Tenho reiterado que para nós do Tribunal Superior do Trabalho não existe conflito com o STF. Temos trabalhado intensamente para a formalização de precedentes para trazer segurança e estabilidade às relações de trabalho em todo país, o que envolve não só os precedentes do TST, como do STF. Ocorre que, diferentemente do STJ, temos competência concorrente com o STF em matéria constitucional, e sobre a qual temos que nos manifestar em última instância trabalhista, e temos percebido uma fuga ao sistema recursal trabalhista, com reclamações per saltum para o STF, sem que se esgote a jurisdição trabalhista, ocasionado assim essa ideia que não corresponde à realidade. Temos alertado o STF desse desvio jurisdicional com vistas a comprometer a higidez do sistema, e vamos atuar para corrigir essa distorção.
A inteligência artificial (IA) é uma realidade que alterará muito, segundo estudos, a própria cadeia produtiva e o mercado de trabalho em geral. A Justiça do Trabalho está preparada para enfrentar esse desafio, eis que o desemprego pode aumentar substancialmente com a eliminação de postos de trabalho que serão substituídos pela IA e pelos robôs?

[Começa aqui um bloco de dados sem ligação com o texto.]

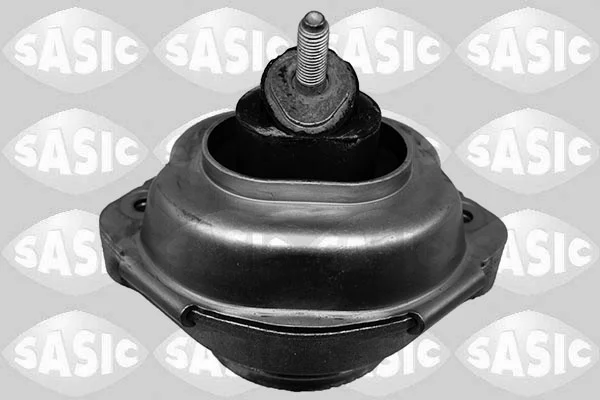 Drzak, zaveseni motoru SASIC 2706312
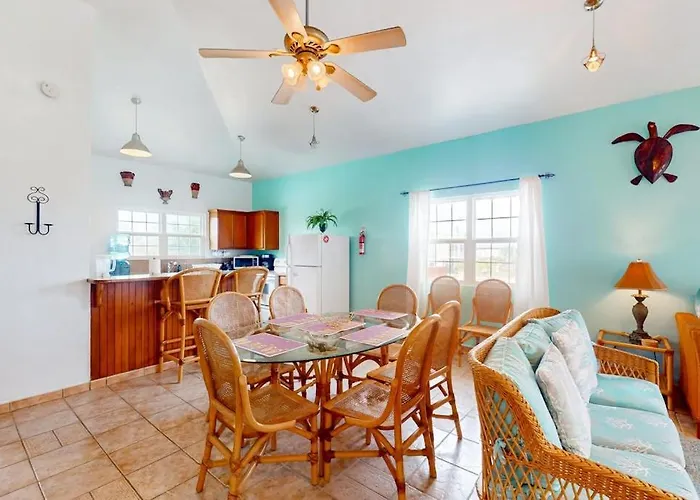View The Blue Whole House Gold Standard Certified *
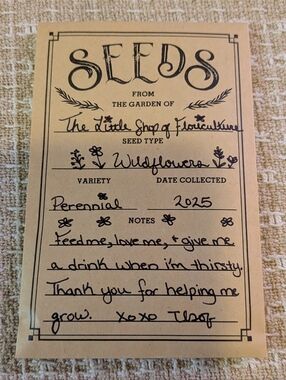 Bundle For @bluejaysfinds (No Touchy)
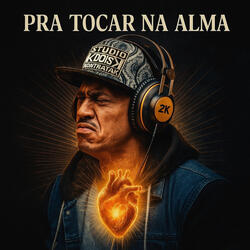 Pra Tocar na Alma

O papa Leão XIV adotou esse nome seguindo a preocupação do papa Leão XIII, que foi quem editou a rerum novarum em face da preocupação com a situação dos trabalhadores diante da revolução industrial ao fim do século XVIII, em razão da condição de exploração do trabalho humano, da concentração de riquezas e da necessidade de uma distribuição proporcional da riqueza. Esse foi um documento de 1891. Leão XIV lançou a necessidade de protegermos os trabalhadores diante do que ele chama de rerum digitalium, renovando a preocupação com a precariedade das condições de trabalho diante do avanço da inteligência artificial e da tecnologia. O fenômeno do trabalho convive com os avanços da ciência e da tecnologia desde sempre, e os empregos foram se transformando ao longo dos tempos, pois a proteção contra a automação consta, inclusive, do texto constitucional. Inúmeros empregos poderão desaparecer em alguns anos, mas outros surgirão. Assim foi inclusive com a chegada das máquinas a vapor e dos computadores ainda na década de setenta do século passado.
Quais são suas metas para essa gestão que se inicia à frente da presidência do TST? Qual será sua bandeira principal e qual o legado pretende deixar ao final de seu mandato?
Há muitas políticas públicas que necessitam ser cumpridas, como também uma pauta jurisdicional muito pesada em face da necessidade de julgarmos os incidentes de recursos repetitivos e darmos vazão ao número de processos a serem julgados. Todavia, não quero falar de promessas, mas de me empenhar profundamente para, junto com as magistradas e magistrados, servidoras e servidores, fazermos um trabalho em prol do fortalecimento da Justiça do Trabalho como uma justiça indispensável à democracia, porque ela tem um trabalho extremamente eficiente e silencioso para a sociedade brasileira. A proteção do tecido social é indispensável para a paz social, e que não duvidem disso, pois as gerações futuras estarão certamente comprometidas.